-- DATA follows --

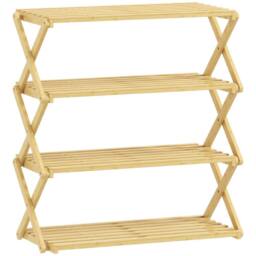 Wyld Haus Taseyo Sori Natural Bamboo 4 Tier Folding Shoe Rack - thumbnail 4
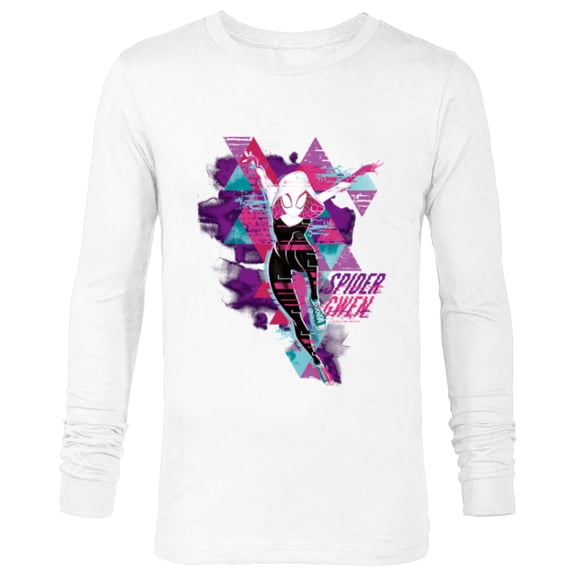 Marvel Spider-Man: Across the Spider-Verse Gwen Glitch - Long Sleeve T-Shirt for Men - Customized-White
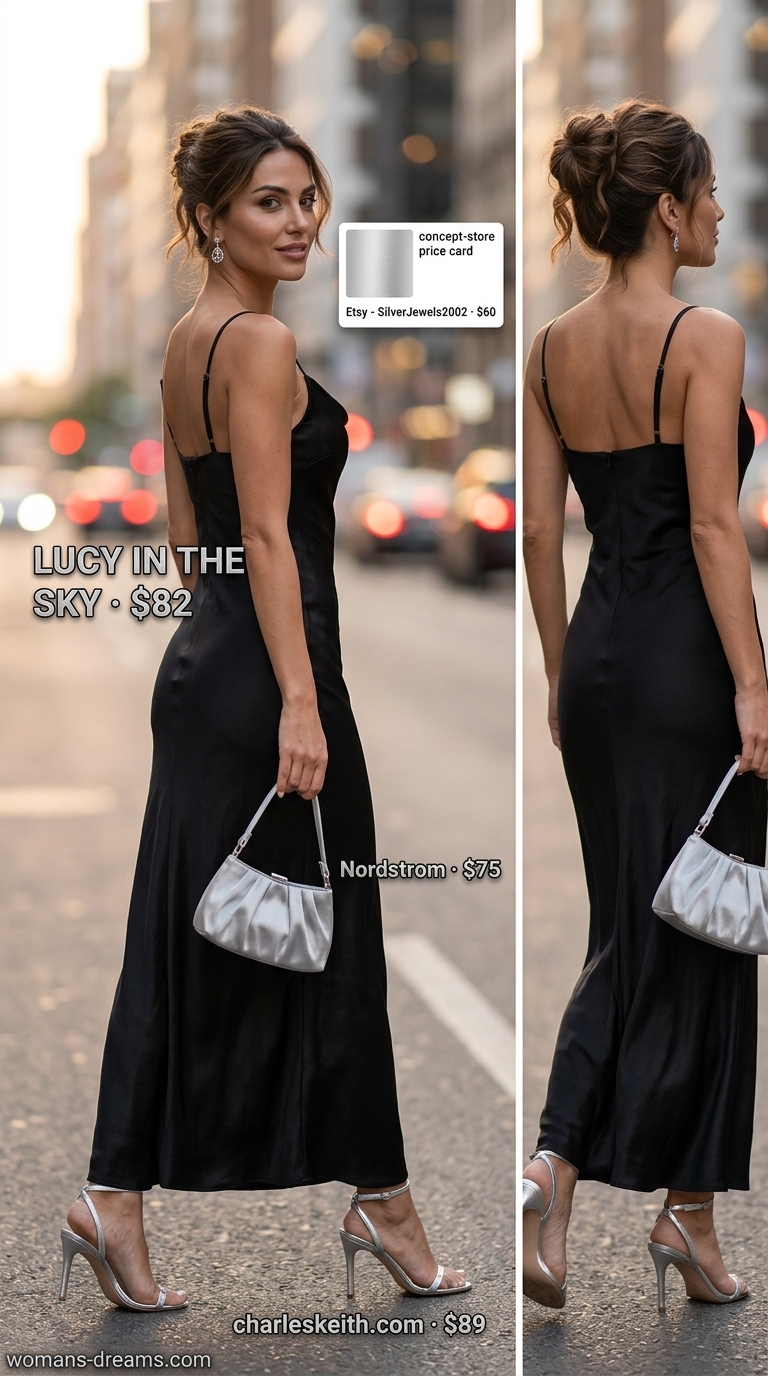 Elegant summer flowy maxi dresses 2026: Black halter maxi dress, metallic sandals, silver clutch for a formal event.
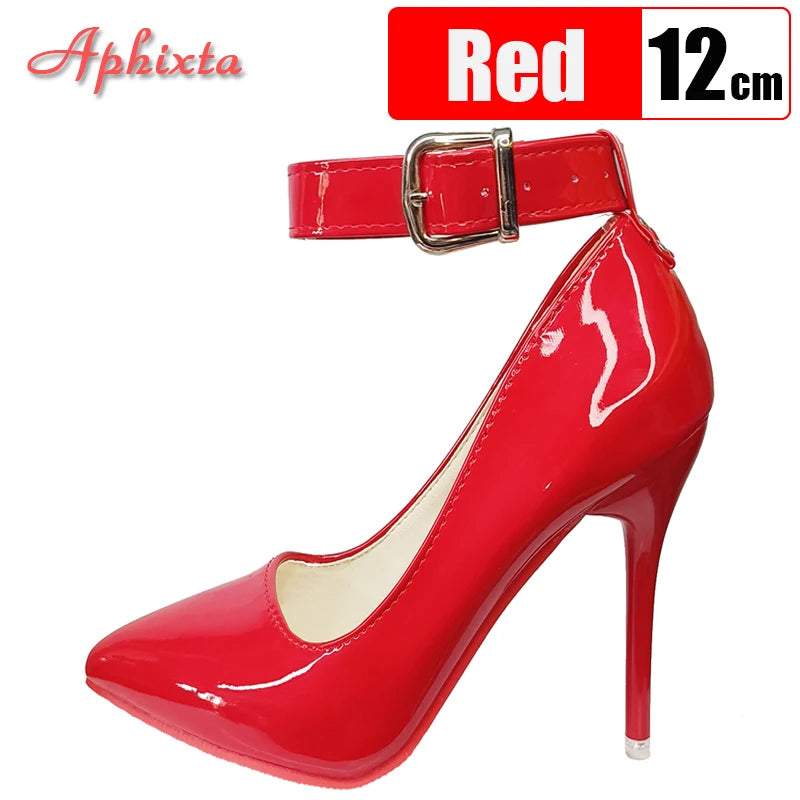 Aphixta 10cm/12cm Metal Belt Buckle Stiletto Heels Pumps Women Party Shoes Rivets Buckle Strap Pimp Pointed Toe Size 48 49 50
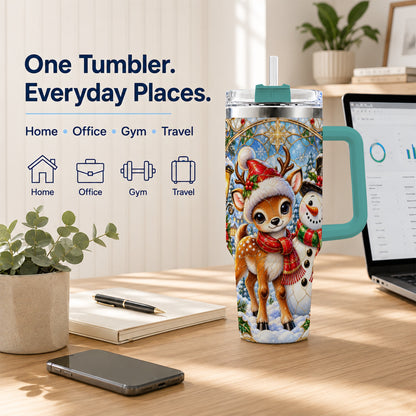 #pl[40oz|Green] Reindeer Snowman 40oz Tumbler with Handle, Winter Travel Cup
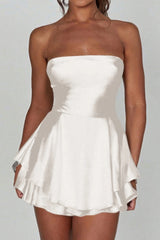 Solid Backless Lace Up Tube Fit Mini Dress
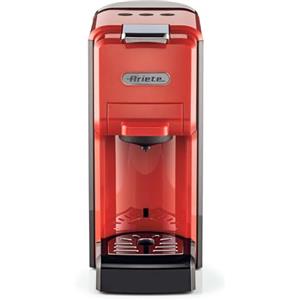 Ariete 1304/1 Macchina da caffè a cassetti, 1350W, Capacità serbatoio 0,7L, Pressione 19 bar, 3 tipologie di cassetto, Cialde e Polvere, Rosso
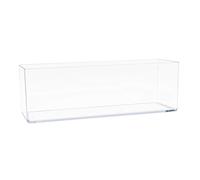 Royal Imports Vaso da fiori rettangolare in acrilico, centrotavola decorativo per casa o matrimonio, in plastica infrangibile, 10,2 x 12 cm, quadrato basso, trasparente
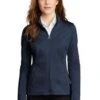 Port Authority Sweatshirts: Women's L249 DBNH Dress Blue Navy Heather Diamond Full Zip -Work Clothes Store 9822 dressblnyhe 1 l249dressblnyhemodelfront 337w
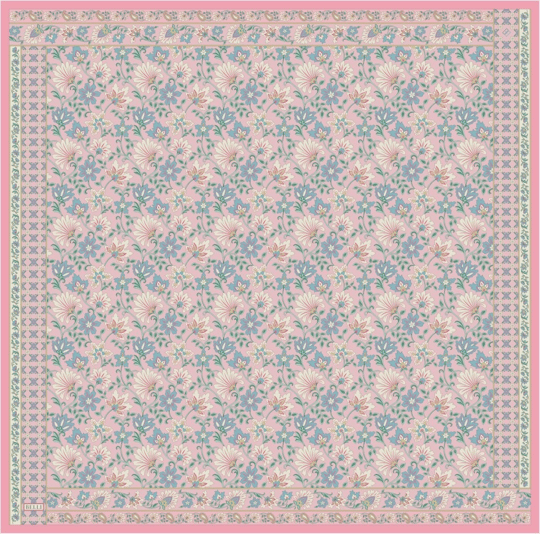 Pembe Etnik Desen %100 Twill İpek Eşarp 4314-81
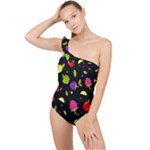 Vector Seamless Summer Fruits Pattern Colorful Cartoon Background Frilly One Shoulder Swimsuit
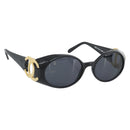 CHANEL COCO Mark Sunglasses Plastic Black Gold CC Auth 186284M-1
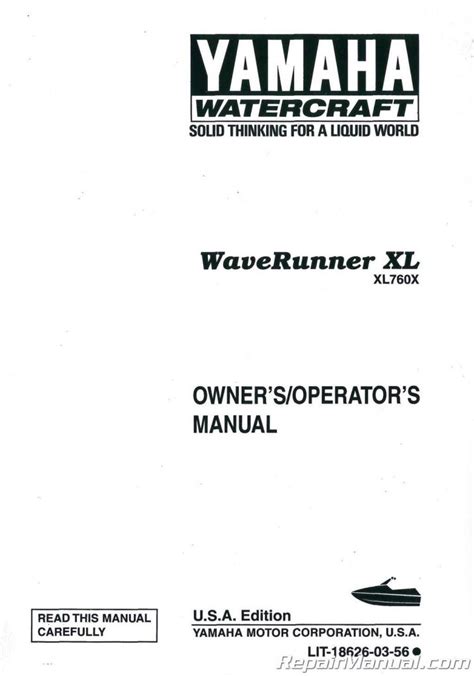 yamaha waverunner xl760 owners manual Reader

-- DATA concluded --

**WORK INSTRUCTIONS:**
Begin at the line containing "Aphixta 10cm/12cm Metal" and extract every line through the end of the records, inclusive, exactly and only; omit pictures.

**ANSWER SECTION:**
 Aphixta 10cm/12cm Metal Belt Buckle Stiletto Heels Pumps Women Party Shoes Rivets Buckle Strap Pimp Pointed Toe Size 48 49 50
 #pl[40oz|Green] Reindeer Snowman 40oz Tumbler with Handle, Winter Travel Cup
 Solid Backless Lace Up Tube Fit Mini Dress
 Ariete 1304/1 Macchina da caffè a cassetti, 1350W, Capacità serbatoio 0,7L, Pressione 19 bar, 3 tipologie di cassetto, Cialde e Polvere, Rosso
 Royal Imports Vaso da fiori rettangolare in acrilico, centrotavola decorativo per casa o matrimonio, in plastica infrangibile, 10,2 x 12 cm, quadrato basso, trasparente
 Port Authority Sweatshirts: Women's L249 DBNH Dress Blue Navy Heather Diamond Full Zip -Work Clothes Store 9822 dressblnyhe 1 l249dressblnyhemodelfront 337w
 Pembe Etnik Desen %100 Twill İpek Eşarp 4314-81
 Vector Seamless Summer Fruits Pattern Colorful Cartoon Background Frilly One Shoulder Swimsuit
 CHANEL COCO Mark Sunglasses Plastic Black Gold CC Auth 186284M-1
 yamaha waverunner xl760 owners manual Reader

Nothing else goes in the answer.